Single-PSS runner. One SemvecState per entry.

from semvec.benchmarks.longmemeval import LongMemEvalRunner

runner = LongMemEvalRunner(
    dataset=ds,
    llm=llm,
    embedder=embedder,
    pss_config_dimension=384,
    serializer_config=None,
    system_prompt="You are a helpful assistant with memory of past conversations.",
)
result = runner.run_entry(dataset.entries[0])   # EntryResult
results = runner.run_all()                       # list[EntryResult]

MultiPSSRunner

Three-way PSS: one for user turns, one for assistant turns, one for combined Q&A clusters.
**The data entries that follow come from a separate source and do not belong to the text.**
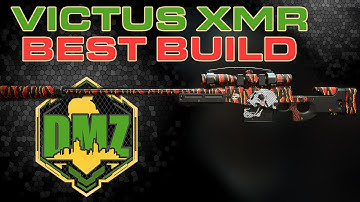 The BEST long range sniper in DMZ | Victus XMR Class Setup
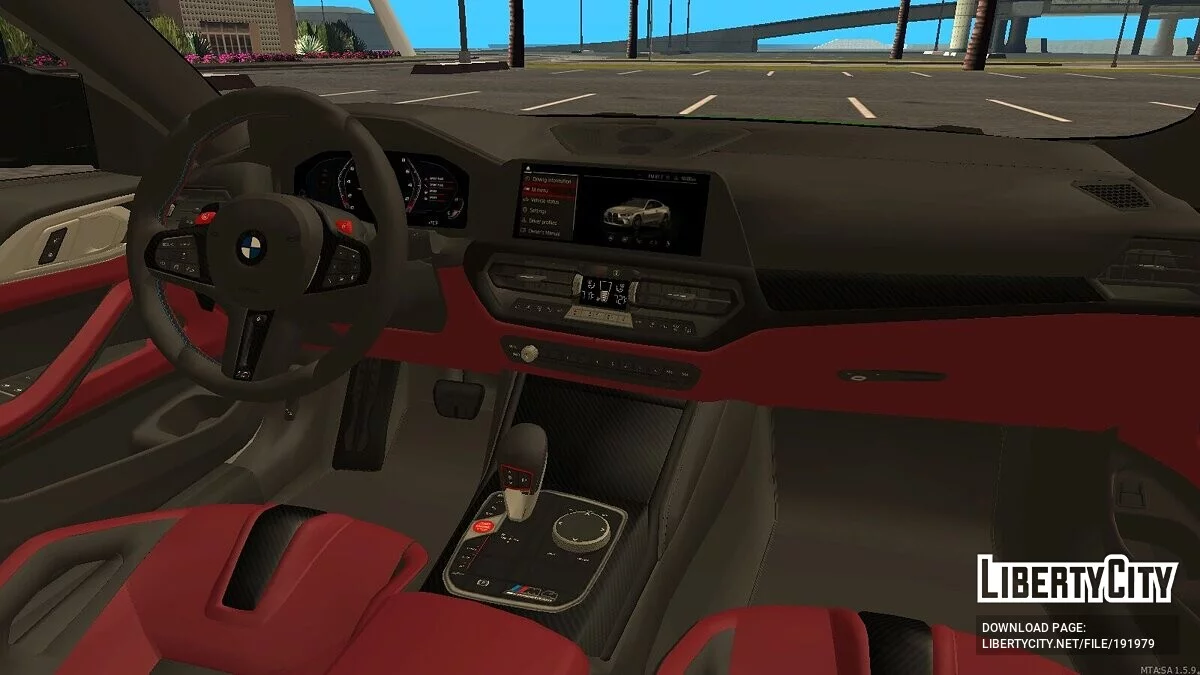 BMW M4 G82 Competition + CCD / GTA San Andreas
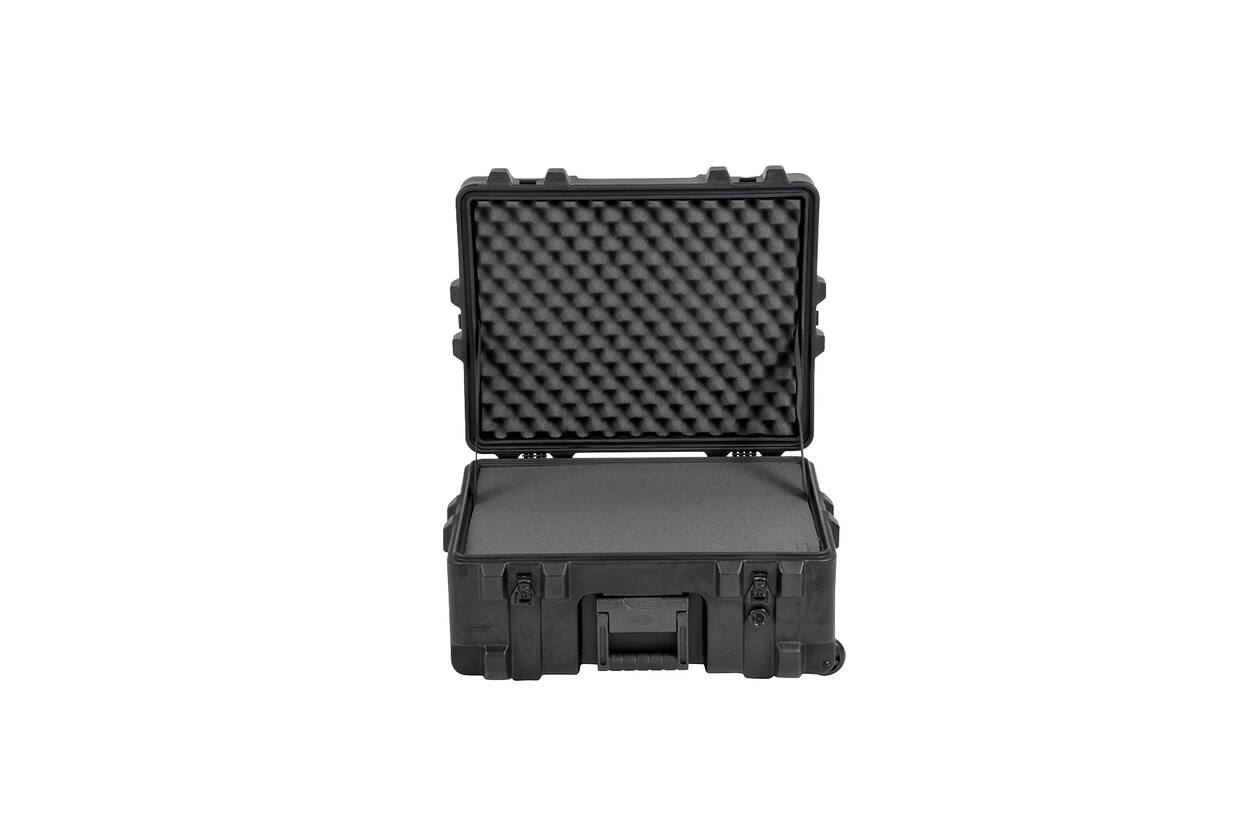 SKB - rSeries 2217-10 - Valise Étanche - Noire - avec Roulettes - Mousse Cubique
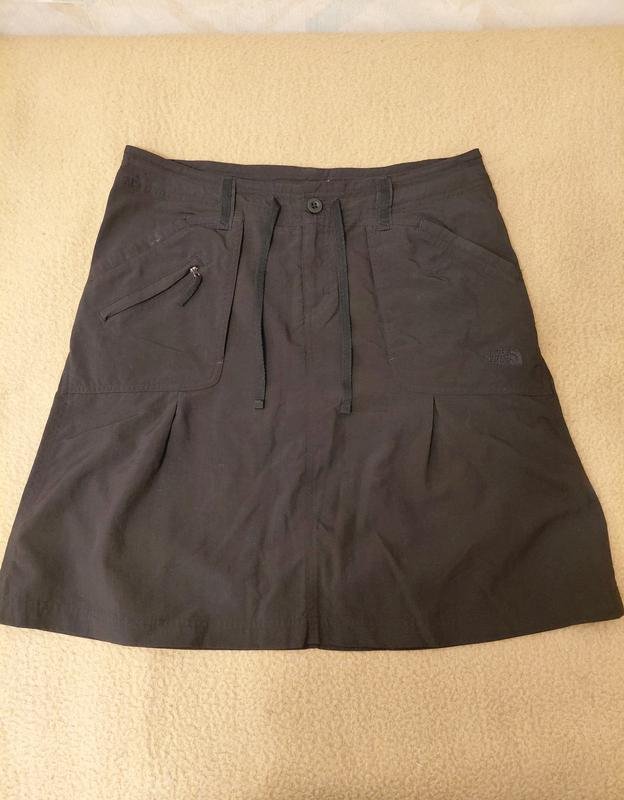 Женская The North Face Юбка Чёрный Нейлон M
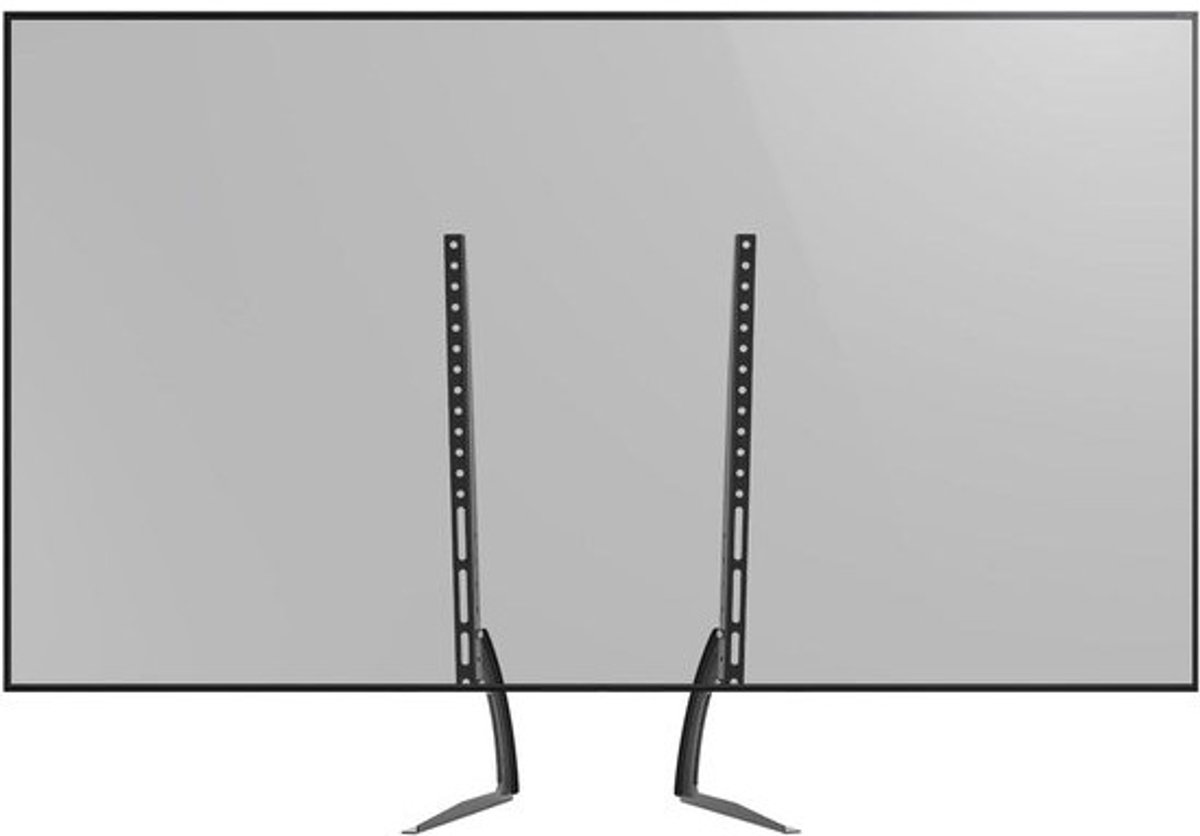 TV Voet - Universele standaard - TV plaatsing - In hoogte verstelbaar - 32-70 inch - Zwart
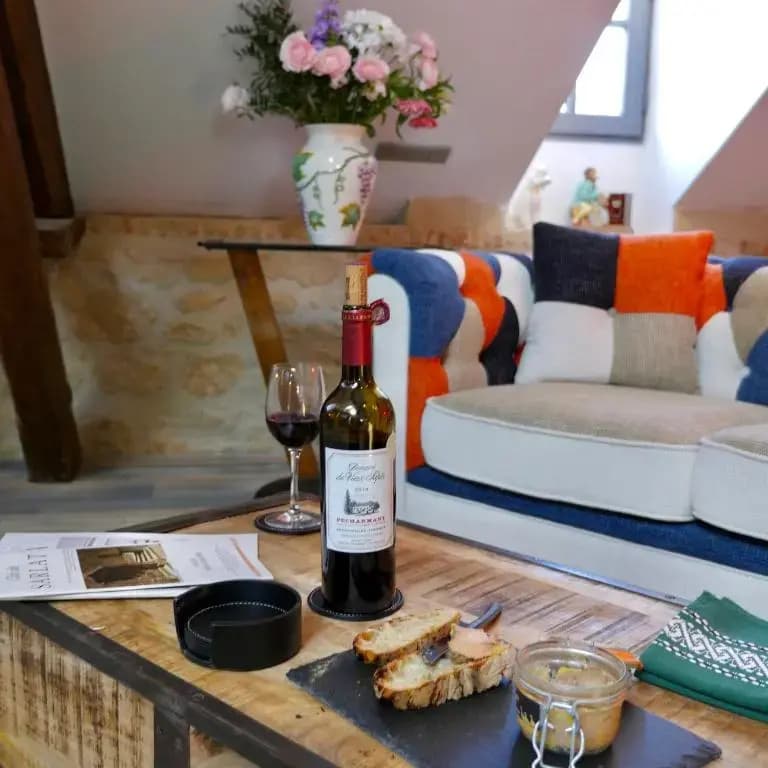 In Sarlat Luxury Rentals, Medieval Center - Loft Stella Matutina -2p-ascenseur-climatisation - Miniature 8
Temporal prefixes [YYYY-MM-DD] are prepended to every chunk.

from semvec.benchmarks.longmemeval import MultiPSSRunner

runner = MultiPSSRunner(
    dataset=ds,
    llm=llm,
    embedder=embedder,
    pss_config_dimension=384,
    top_k_per_instance=5,
    max_memory_chars=500,
)

EntryResult

@dataclass
class EntryResult:
    question_id: str
    question_type: str
    question: str
    ground_truth: str
    pss_response: str
    baseline_response: str
    pss_query_tokens: int
    baseline_query_tokens: int
    sessions_ingested: int
    pss_total_calls: int
    baseline_total_calls: int
    pss_total_tokens: int
    baseline_total_tokens: int
    wall_clock_seconds: float

GroundTruthEvaluator

LLM-as-judge with A/B comparison.

from semvec.benchmarks.longmemeval import GroundTruthEvaluator

evaluator = GroundTruthEvaluator(judge_llm=judge, n_judges=3)
eval_result = evaluator.evaluate_entry(entry_result)       # EvalResult
eval_results = evaluator.evaluate_all(runner.run_all())

Plus a single-response PASS/FAIL convenience:

verdict = evaluator.evaluate(
    question="…",
    correct_answer="…",
    candidate_response="…",
)
# SimpleEvalVerdict(passed=True|False, explanation="…")

With n_judges > 1, each correctness flag uses majority vote; ties resolve to False (conservative).

BenchmarkSummary

from semvec.benchmarks.longmemeval import BenchmarkSummary

summary = BenchmarkSummary.from_results(eval_results)
summary.to_dict()       # JSON-safe

Data loading

  • load_from_file(path, variant="S") -> LongMemEvalDataset — parse a local JSON file.
  • load_dataset(variant="S") -> LongMemEvalDataset — download from HuggingFace if not cached locally, then parse.
  • download_dataset(variant) -> Path — just the HuggingFace download step.

Schema

from semvec.benchmarks.longmemeval import (
    LongMemEvalDataset,
    LongMemEvalEntry,
    Session,
)
  • Session(session_id, turns, has_answer=False, session_date="")approx_tokens, as_text().
  • LongMemEvalEntry — 7 fields; total_sessions, evidence_sessions, approx_total_tokens.
  • LongMemEvalDataset(variant, entries)question_types, filter(question_types, max_entries, per_type).

LLMCallCounter

Proxy that tracks calls and token usage for any callable LLM client.

from semvec.benchmarks.longmemeval import LLMCallCounter

counter = LLMCallCounter(base_llm)
counter(messages)               # call
counter.total_calls             # int
counter.total_prompt_tokens     # int
counter.total_completion_tokens # int
with counter.scope() as s:
    counter(messages_a)
    counter(messages_b)
    print(s.calls, s.prompt_tokens)

What is NOT ported

Mem0Runner requires the external mem0ai package and was deliberately dropped from the wheel. If you need a Mem0 baseline, install mem0ai + faiss-cpu separately and implement a runner against the same EntryResult shape — the GroundTruthEvaluator will accept it unchanged.